May 26, 2010

My data are collected from very vulnerable populations. How can I prevent these data from being used to portray them in an injurious way?

It is the policy of ICPSR that responsible science, which includes appropriate analytic methods and peer reviewed venues for research results, is adequate to protect vulnerable populations from inappropriate, unfair, and inaccurate portrayals. In order to participate in a valid scientific discussion of the issues that face vulnerable populations, researchers must be willing to share their data and methods in an ethically responsible manner with other researchers who wish to replicate or refute their findings. One must be willing to trust the peer review process to screen out analyses that do not conform to methods appropriate to the question at hand. ICPSR is strongly committed to protecting vulnerable individuals from being identified by data analyses, but the scientific process must be used to protect vulnerable populations from inaccurate representations.

I don't mind depositing the baseline study from my longitudinal data system, but is it possible to delay release of subsequent waves of data?

The utility of longitudinal studies lies primarily in the follow-up embedded in the research design. While the baseline data will be valuable in the short run, NAHDAP will work with depositors on a time frame for acquisition and release of the subsequent waves of data. Without a reasonable time frame, baseline studies will not be acquired for the NAHDAP. Depositors can work with NAHDAP staff to develop a method for acquiring and releasing the additional waves under a delayed-dissemination agreement. These agreements allow the subsequent waves to be acquired and prepared but not released for secondary analysis until the appropriate time.

Can my data be embargoed until I or my research team finish all our planned analyses?

ICPSR has a delayed-dissemination policy that allows researchers to deposit data earlier in the research process so that they may benefit from the data and documentation preparation services offered by staff. Delayed-dissemination contracts require depositors to commit to a timeline, which is usually two years from deposit to data release. Depositors have access to ICPSR files as soon as they are prepared and need not wait for the public release. They must, however, be willing to commit to the timeline for release.

Is it possible for me to read and approve research proposals based on my data? I wish to determine the nature of the research done with my data.

The policy of ICPSR is that responsible use of secondary data should be unfettered by the research agenda of the original data producer. When the data are distributed under restricted-use contracts, a research proposal is required in order to screen users for a credible research agenda and to ascertain whether the data will meet their research needs. The proposal, however, is screened only by the contract administrator at NAHDAP.

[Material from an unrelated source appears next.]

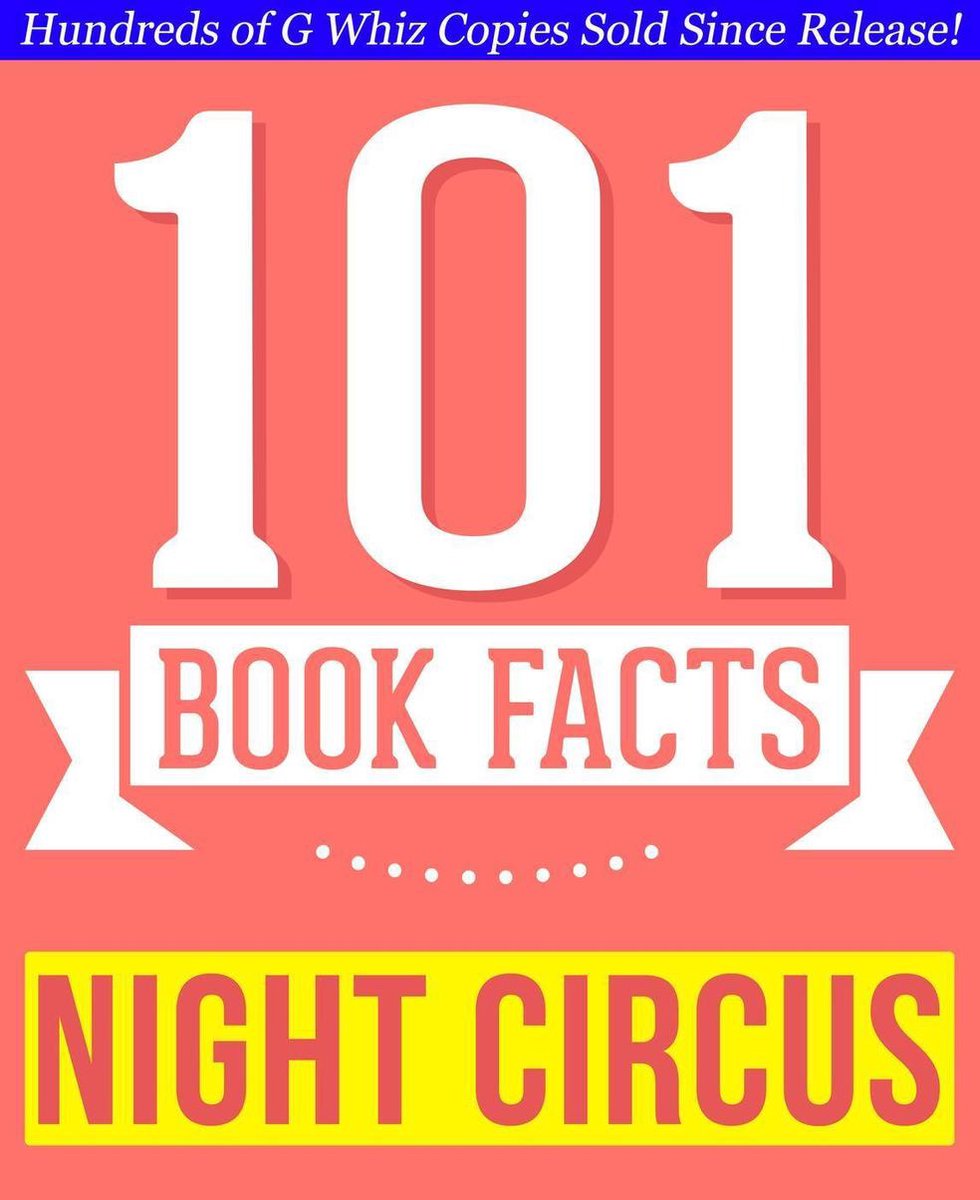 101bookfacts.com - le cirque nocturne - 101 faits étonnamment vrais que vous ne connaissiez pas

If I deposit data with NAHDAP, who owns the data?

ICPSR only asks for the right to redistribute the data, but does not acquire or retain the original copyright or transfer rights. ICPSR users must sign a terms-of-use agreement in order to download data that includes a clause that prevents the redistribution of the data for commercial purposes. The original owner of the data, which is usually the university or not-for-profit that received the grant or contract, retains copyright and other legal rights associated with the data.

In the informed consent documents, I promised the data would only be used by an approved research team. How can I now share my data with others?

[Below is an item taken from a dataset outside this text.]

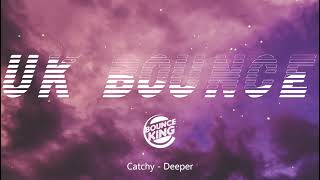 Catchy - Deeper || UK BOUNCE ||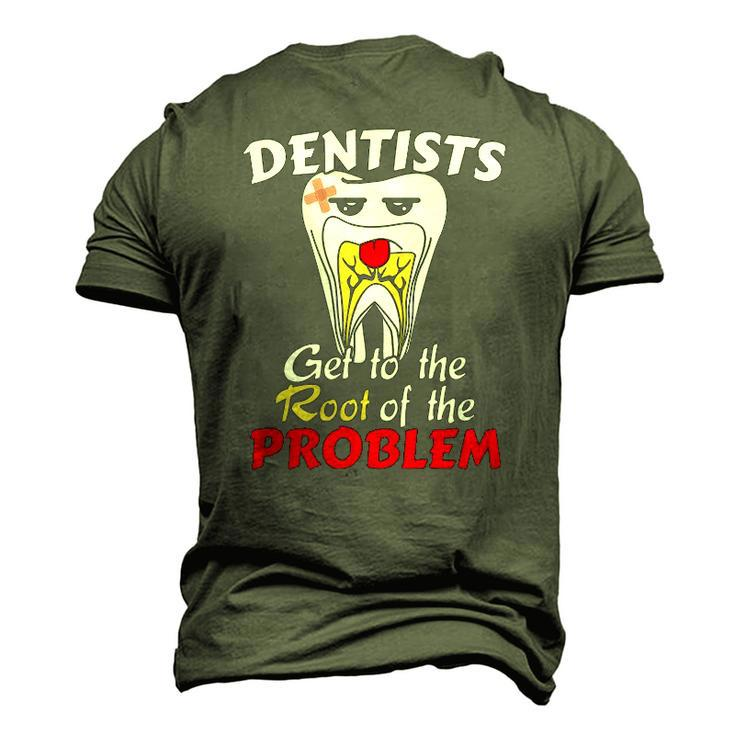 Dentist Root Canal Problem Quote Pun Humor Men's 3D T-Shirt Back Print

Unless the informed consent document names the members of the research team specifically, an amended Institutional Review Board application that includes a plan for data protection and dissemination can be filed with the lead institution to define the research team. Restrictive informed consent documents may prevent the release of data in purely public releases, but do not preclude the possibility of a research team that is defined by a group of restricted- or limited-use contract holders. The research team may be defined as those persons known to the original researchers. In the case of restricted-use or limited-use contracts, the researchers using the data are known to ICPSR and to the original research team.

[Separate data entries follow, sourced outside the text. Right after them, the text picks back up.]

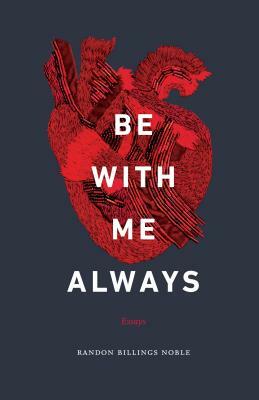Be with Me Always: Essays by Randon Billings Noble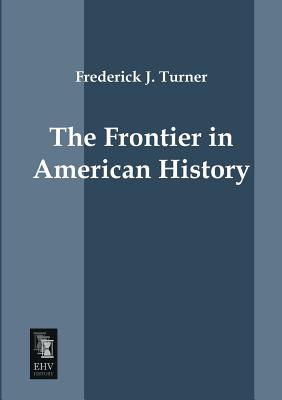 The Frontier in American History - Turner, Frederick J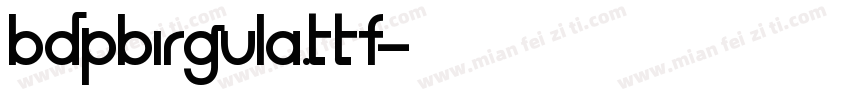 BDPBIRGULA.ttf字体转换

My data are on very sensitive topics; the risk to participants is very high should they be re-identified. How can I protect the respondents?

ICPSR evaluates all data files for disclosure risk using state-of-the-art techniques developed under a grant from the National Institutes of Health. From this evaluation, staff recommend a method of data release that protects the respondents from re-identification while retaining the analytic utility of the data. Release options include public release; public release with disclosure control practices put in place; restricted release with a user contract; enclave only release; and online analysis only with no micro-data download. A full public release is only warranted when there is little risk of re-identification or the data have been sufficiently transformed to substantially reduce that risk.

My data are very complicated. I am not sure users will be able to use the data. Will NAHDAP staff provide user support?

ICPSR has three levels of user support. Our central email and telephone service uses help desk software to track and prioritize all user support inquires. Technical questions about data downloading and software issues are answered by tier 1 support staff. Questions about specific data files will be sent to NAHDAP staff who prepared the data for release to provide user support on data content and structure. The NAHDAP director and manager will provide more sophisticated, tier 3 support for complex technical questions. Depositors will not be expected to provide ongoing user support, but rather to provide all the documentation necessary for secondary data users to make sense of the original data collection. The ICPSR archival collection includes many very complex data systems that have been successfully analyzed by responsible researchers.

My data/documentation are not in a format that can be released to secondary users. How do I find the resources to prepare it for broader distribution?

The National Institute on Drug Abuse has funded the National Addiction & HIV Data Archive Program (NAHDAP) to assist grant recipients in preparing data for release. NAHDAP staff will help clean and prepare data files, metadata and documentation in consultation with the grant staff. NAHDAP is built on the infrastructure of the Interuniversity Consortium for Political and Social Research (ICPSR), which is designed to easily create standardized, digitally stable data files, and to disseminate SAS, Stata, and SPSS files and searchable PDF codebooks and documentation. The staff of NAHDAP will standardize the data and documentation with input from the original data producers.

Why is sharing data useful to me? Why should I share data that I have worked very hard to collect and analyze?

While data sharing is primarily useful for expanding scientific knowledge, it does provide benefits for individual researchers. Data systems that are in the public domain often generate additional research which is credited to the original source. For instance, the National Longitudinal Study of Adolescent Health, which has been in the public domain since its inception, has generated over 3,000 publications in the last 20 years authored by persons not on the original research team. In addition, data citation practices and the norms of scientific practice have changed substantially in the past 20 years so that the production of data is now considered a scholarly pursuit. A 2009 committee report by the National Academy of Sciences has emphasized the emerging role of data sharing both in science and in the careers of scholars.